We're now running an experiment where we trigger a "user is inactive" edge early-ish in an orderly Firefox Desktop shutdown. This really shouldn't make a difference, but it seems to be reversing the coverage of context_ids in topsites-impression pings so that Glean is once again sending more.
It's still close enough (Glean hears from only 0.54% of contexts that PC doesn't, and PC hears from 0.34% of contexts that Glean doesn't (net 0.2% gain in Glean's favour)) that this clearly hasn't brought it fully up to the level of topsite-click
(Glean not PC at 3.2%, PC not Glean at 0.48%)... but it's heartening that there are things we can do to influence this if we so choose.
But how? How did this make any difference at all?
Well, after digging around in some oldish (~3yo) code in the Glean SDK uploader, I might have an idea. On init, Glean will trigger the upload of any at-startup "events" or "metrics" pings, and the initial client-active-causing "baseline" ping. But that simply spawns the glean.upload
thread so it can do its own thing.
One thing it can do is wait at most 3 times for 1s each if the upload manager is still loading pending pings from disk. (This number of times and length of time were chosen in the era where Glean only had consumers on mobile, where disk I/O was fast). If all those upload triggers and the preinit dispatcher queue with its topsites-impression
"top-sites" pings was flushed during that waiting period, and the pending pings dir took longer than 3s to scan, the glean.upload
thread would exit.
If, then, no other ping was submitted, the glean.upload
thread would never be restarted and try to upload anything.
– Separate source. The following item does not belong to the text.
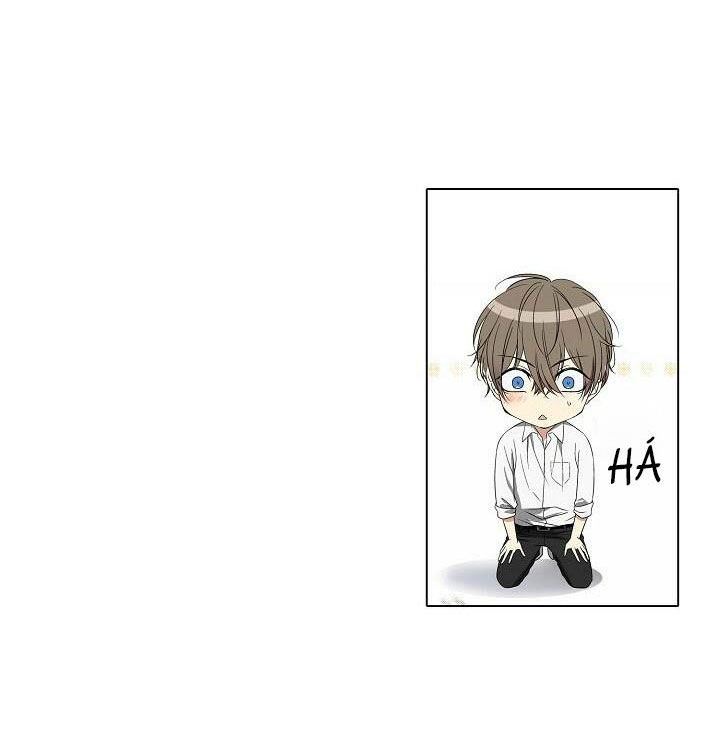 chỉ có em mới làm anh cứng chapter 2.2 3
But if we changed behaviour so during shutdown we triggered a client inactive which submits some pings which triggers the upload... well, that might just kick things back into gear and give Firefox a chance to upload those submitted pings that have been lying around.
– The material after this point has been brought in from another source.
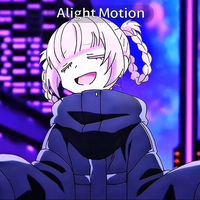 オリジナル楽曲 - 七草るな❕🐾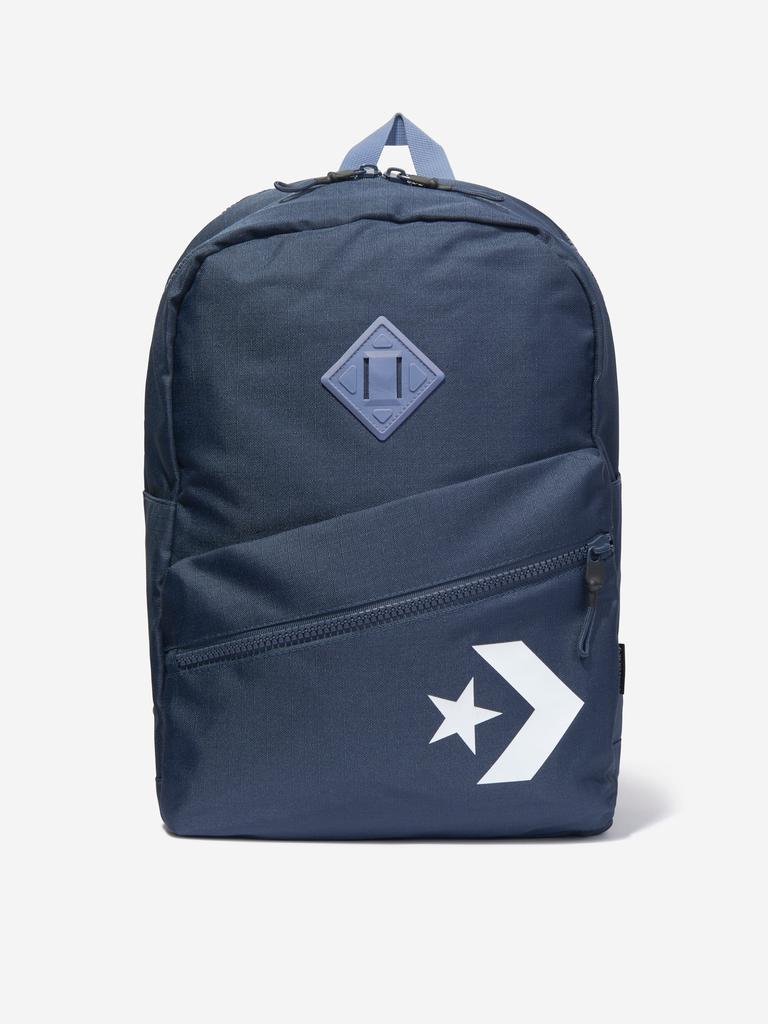 Converse kids backpack online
Maybe. (This code is complicated).
But if this is so, then I think there might be an SDK change here we should try involving triggering upload after the pending pings dir has finished being scanned. It might not be a straightforward fix (since we don't want to do this every time we scan the dir, only when we're doing so as part of initializing the global Glean), but it's the closest thing to a lead I've had in some time.